Day 45
Aug 8, 2017 · 656 words
Presentation
This morning Jordan, Peter and I presented our work to a group of AHS electricians and Janet. We got some valuable feedback about how we can best serve their needs.
I was pleased to hear that somewhere out there is occupancy information for the thermostats, which I could tap into and use as a replacement for my current holiday/half-day variables.
Putting the model to use
I’ve gotten the model to a point that I think it could be useful. I want to shift from the static sample file that I’ve used all summer to using the most up-to-date data so I can start making real predictions. I’ve asked Anil for help on this, as I don’t know where all of the updated data is stored.
That’s the next big focus for me. In the meantime I can play around a bit more with the sample data (maybe try it out on Bancroft). I can also start laying the groundwork for the prediction database.
More intuitive window
Currently the 15-minute time interval is hardcoded into the application (I specify 4 points per hour, i.e. 96 per day). This may not always be the case for certain meters or datasets. I can generalize the points-per-day calculations with:
data_freq = '15 min'
pp_day = int(pd.Timedelta('1 day') / pd.Timedelta(data_freq))
I would also use data_freq
to resample the data at the start and if needed cut off incomplete days.

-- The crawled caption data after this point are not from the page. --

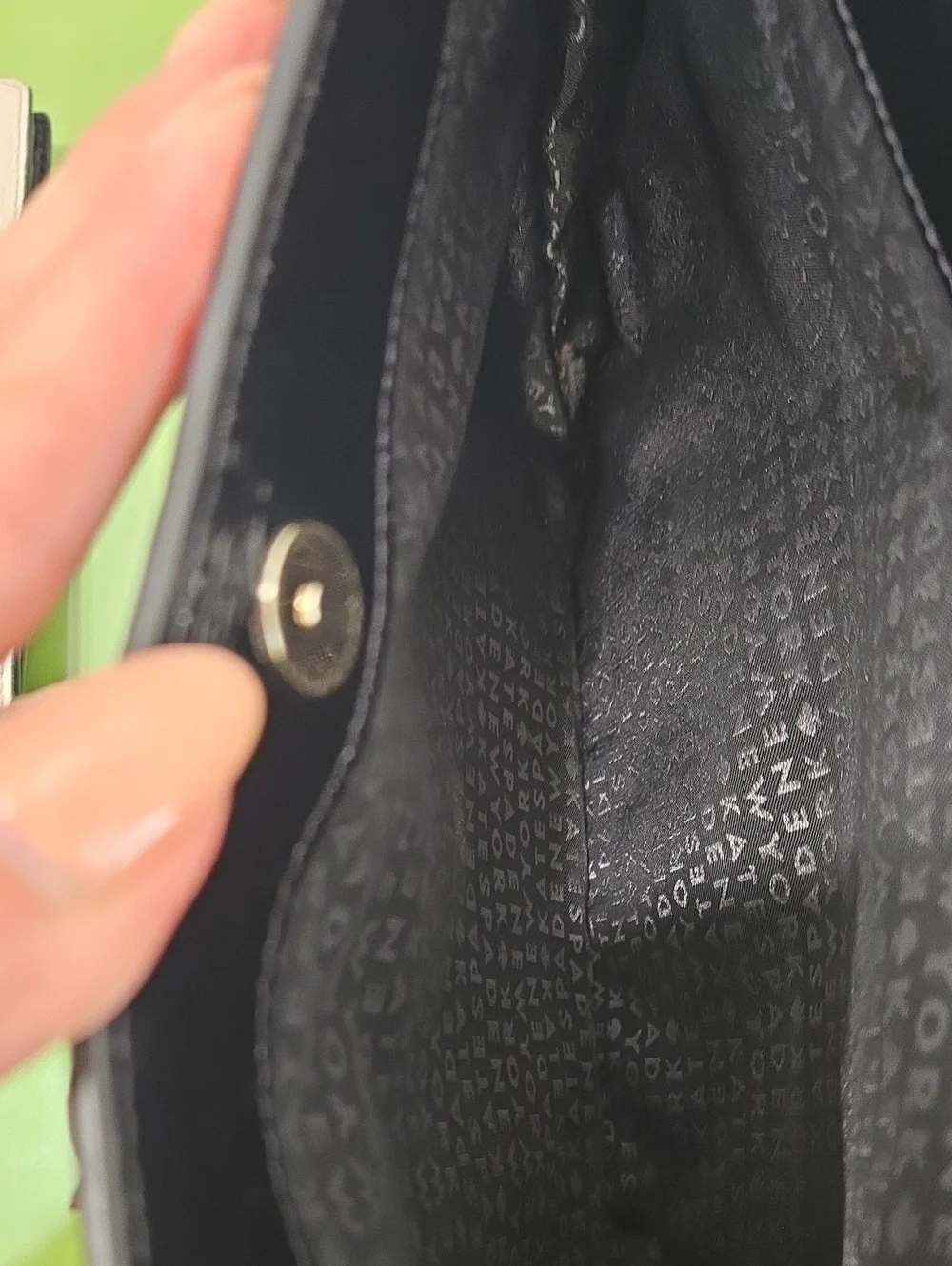 Kate Spade Bixby Place Black Patent Satchel with Gold Hardware and Wallet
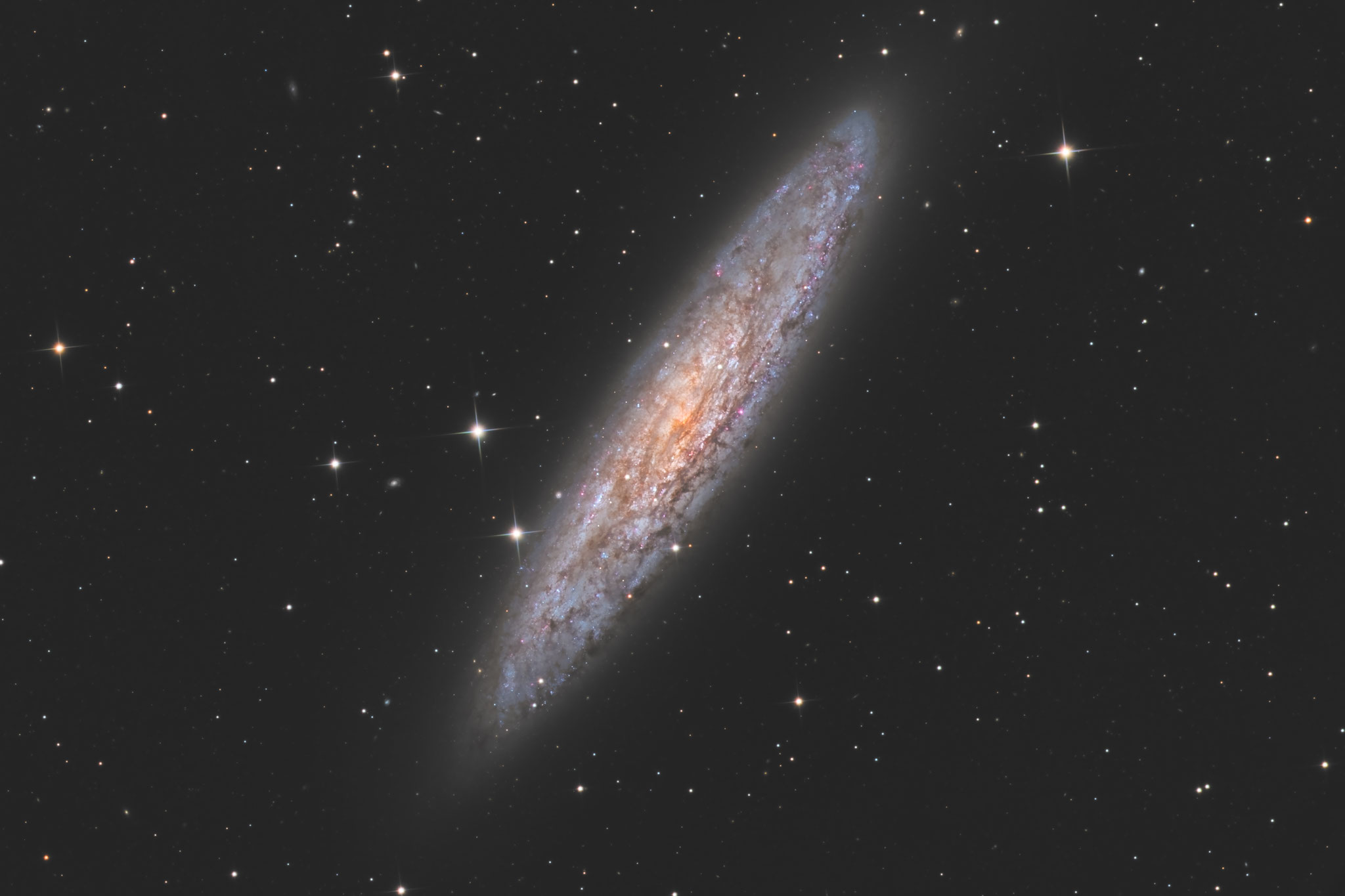 NGC 253, Atria team, CDK 17", Julien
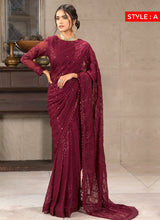Load image into Gallery viewer, Zarif -Berria PAKISTANI DRESSES &amp; READY MADE PAKISTANI CLOTHES UK. Buy Zarif UK Embroidered Collection of Winter Lawn, Original Pakistani Brand Clothing, Unstitched &amp; Stitched suits for Indian Pakistani women. Next Day Delivery in the U. Express shipping to USA, France, Germany &amp; Australia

Then I can incorporate pp_day
into my window calculations:
input_size = pp_day*7*4
gap_size = pp_day
output_size = pp_day
That way if the situation requires a different frequency of data points I only need to change data_freq
(which is an easily understood string).
Do I need a testing set?
In a realtime context I’m not sure how to handle model validation. If I continue doing things the way I have so far (splitting the data into a training/test set) then the most recent data will be used for testing rather than training. That means if there is a recent change in power usage which would have a significant impact on predictions, the model would be delayed at learning it.
I think that for RF, validation isn’t as important since it already reduces variance as an ensemble of random decision trees. I might just ditch it altogether, which leads to my next difficulty…
Rethinking the threshold
Without a testing set I can’t estimate the RMSE of the predictions, which is how I was setting my threshold. I’m not sure if this is the best approach for setting the acceptable regions for power values.
I googled “random forest standard deviation” and found this page that talks about prediction intervals. What’s different about this approach is that it doesn’t require that you know the true values ahead of time, it just uses information about discrepancies between the predictions of each of the forest’s trees.
I quickly tried implementing it and had some trouble, because it appears to only work for single dimensional output.
Tweaking the implementation
It wasn’t too hard to fix, I pretty much just had to specify the axis of the percentile
calculation:
def pred_ints(model, X, percentile=95):
err_down = []
err_up = []
for x in range(len(X)):
preds = []
for pred in model.estimators_:
preds.append(pred.predict([X[x]])[0])
err_down.append(np.percentile(preds, (100 - percentile) / 2. , axis=0 ))
err_up.append(np.percentile(preds, 100 - (100 - percentile) / 2. , axis=0))
return np.array(err_down), np.array(err_up)
This calculates a unique prediction interval for every data point (not just for each day) based off the inner $X\%$ of the sub-trees’ predictions.
Here’s how it changed the plot:
You can see that now the threshold is dynamic across time. In some cases it’s more forgiving of the actual values, such as 3⁄11-3⁄12. This more fairly accounts for areas where the model is unsure of its results as opposed to setting a constant threshold height.
I still want to look at other sources and do more research before I fully commit to this threshold approach.